AeroSurf Nsw- Hybrid SCD Implementation
Case Study
About
AeroSurf NSW manages large volumes of drone telemetry data used to monitor shark activity and ocean conditions across Sydney’s beaches. The data pipeline is built using PySpark and Delta Lake to handle schema changes, enforce data quality, and maintain historical accuracy. A hybrid Slowly Changing Dimension (SCD) approach is used to track critical risk-level changes over time while updating non-critical attributes efficiently. Delta Change Data Feed (CDF) enables full auditability and recovery by capturing every row-level change, ensuring the system remains reliable, compliant, and scalable for operational decision-making.
Challenge
-
Schema Drift: Telemetry data from different drone models arrived with changing schemas, causing ingestion failures and data loss risks.
-
Historical Accuracy: Critical changes in shark risk levels needed full history tracking, while non-critical updates had to be handled without creating noise.
-
Data Corruption Risk: Manual updates introduced the possibility of large-scale data errors, requiring a reliable recovery and audit mechanism.
-
Audit & Compliance: Regulatory requirements demanded a clear chain of custody, including who changed data, when it changed, and how it was restored.
-
Operational Time Pressure: Data had to be processed and validated within a narrow early-morning window to support real-time safety decisions.
Solution
-
Schema Evolution with Delta Lake: Enabled schema merging during ingestion to support multiple drone models without breaking pipelines.
-
Hybrid SCD Implementation: Applied SCD Type 2 for critical risk-level changes to preserve history, while using SCD Type 1 for non-critical attribute updates to reduce noise.
-
Controlled Data Recovery: Used Delta Time Travel and RESTORE to quickly recover from accidental data corruption without data loss.
-
Audit with Change Data Feed (CDF): Captured row-level changes to provide a complete audit trail for forensic analysis and compliance reporting.
-
Operational Reliability: Optimized ingestion and processing to ensure data was ready within strict early-morning time windows
Business impact
-
Improved Public Safety: Delivered accurate, timely risk data to support early-morning beach safety decisions.
-
Reduced Operational Risk: Enabled fast recovery from data issues, minimizing downtime and decision delays.
-
Audit Readiness: Provided full data traceability to meet legal, regulatory, and compliance requirements.
-
Scalable Architecture: Supported growing data volumes and new drone models without redesigning the pipeline.
-
Increased Trust in Data: Ensured stakeholders could rely on historical and current data for critical decisions.
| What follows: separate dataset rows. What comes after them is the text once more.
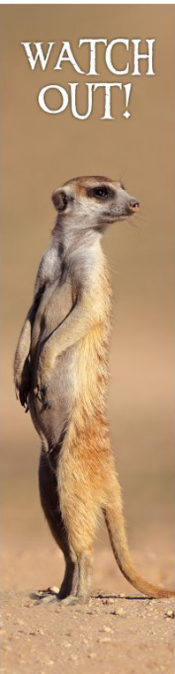 3D záložka - Watch out! - 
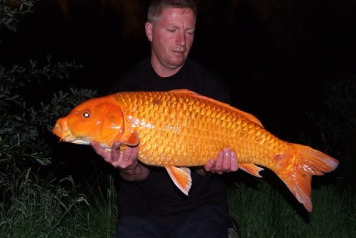 New lake record KoÃ® - 1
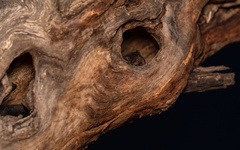 Chalinolobus gouldii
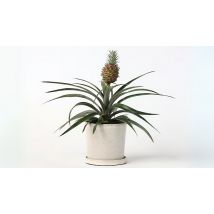 Miniature Pineapple Plant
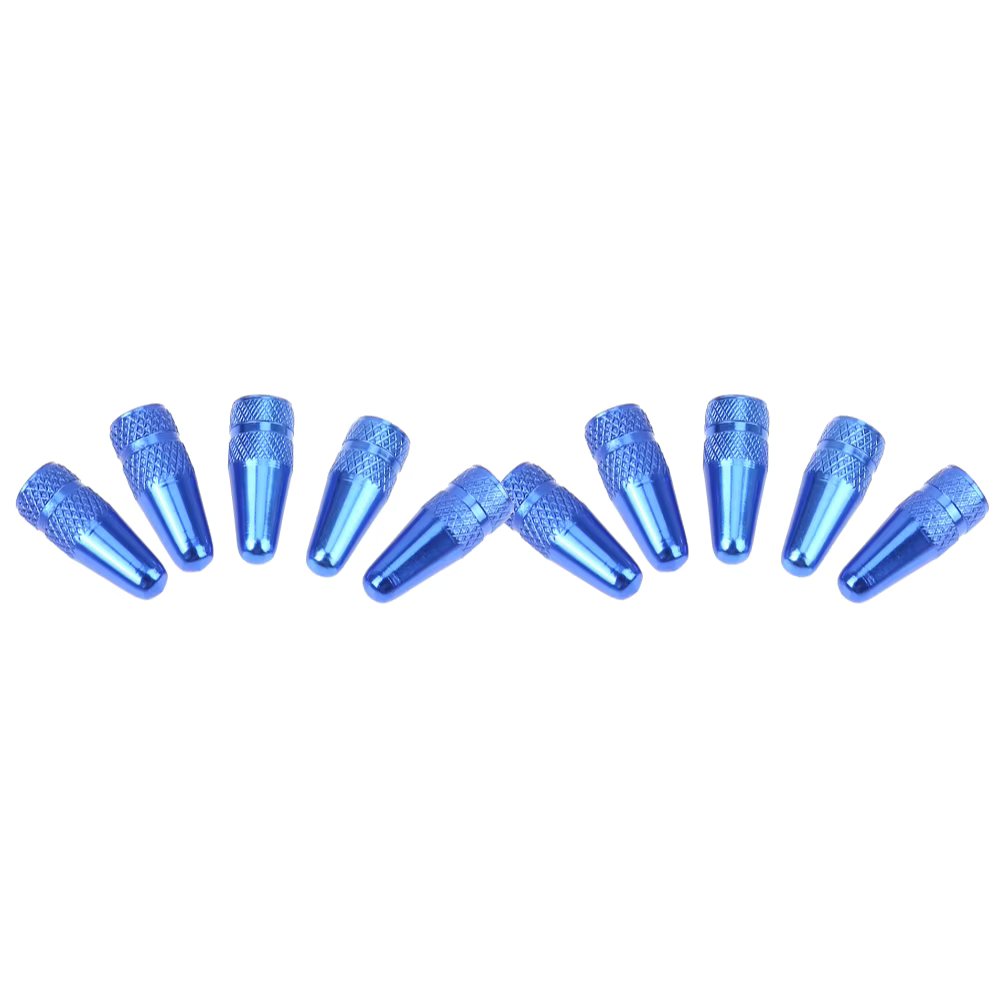 10PCS Blue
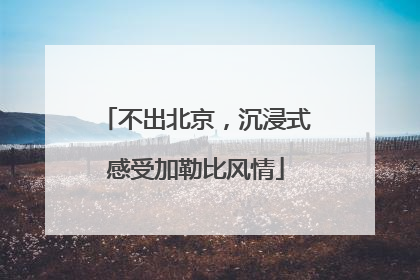 不出北京，沉浸式感受加勒比风情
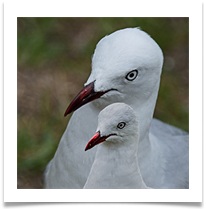 Red Billed Gulls. Double Exposure - Richard  Nicholls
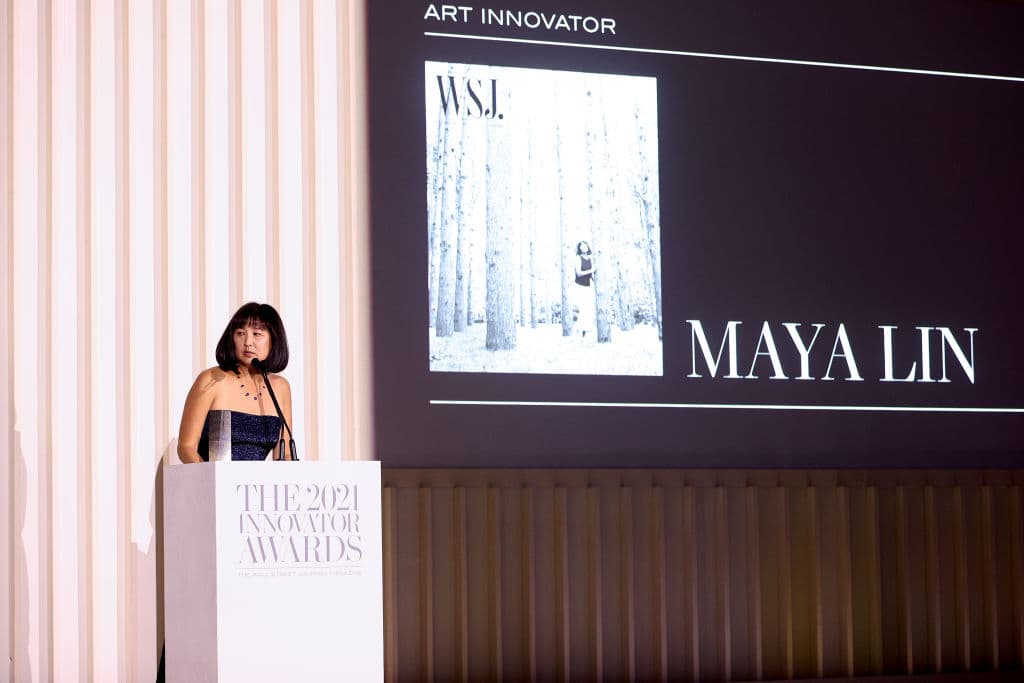 La artista se adentró en un nuevo terreno 40 años después de irrumpir en escena con su Monumento a los Veteranos de Vietnam.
This implementation uses Databricks Auto Loader (CloudFiles) to ingest JSON telemetry data into the Bronze layer of a Lakehouse architecture. The stream is configured with schema evolution (mergeSchema) to handle new columns without breaking the pipeline, while maintaining a dedicated schema location and checkpoint directory for reliability and fault tolerance and the data is written directly into a Delta table to enable ACID transactions, time travel, and scalable downstream transformations.
Hybrid SCD Implementation


This implementation demonstrates a Hybrid Slowly Changing Dimension (SCD) logic using a Delta Lake MERGE statement. The solution combines Type 1 and Type 2 behavior within a single operation. When non-critical attributes such as battery or water temperature change, the existing record is updated in place (SCD Type 1). However, when the critical attribute risk_level changes, the logic preserves history by expiring the current record and allowing insertion of a new version (SCD Type 2). The merge condition ensures updates are applied only to active records (is_current = true), maintaining accurate historical tracking while preventing duplicate active rows. This approach balances auditability with performance and reflects real-world enterprise dimension management requirements.

The DESCRIBE HISTORY workspace.aerosurf.bronze_drone_log command provides a complete audit trail of all operations performed on the Delta table. It captures version numbers, timestamps, operation types (INSERT, UPDATE, MERGE, RESTORE), user information, and operation metrics. This enables full transparency into data changes, making it possible to identify incidents such as unintended updates, track when they occurred, and restore the table to a previous stable version using Delta Time Travel. This built-in versioning mechanism is critical for governance, compliance, and forensic analysis in production data environments.

This query leverages Delta Lake’s Change Data Feed (CDF) to generate a forensic audit trail of row-level changes within the table. By querying table_changes() between specific version ranges (X to Y), it captures inserts, updates, and deletes along with their corresponding commit version and timestamp. This enables precise tracking of when records were modified, what changed, and which transactions were responsible. CDF is especially valuable for compliance, impact analysis, and incident recovery, as it provides transparent visibility into data mutations without relying on external logging systems.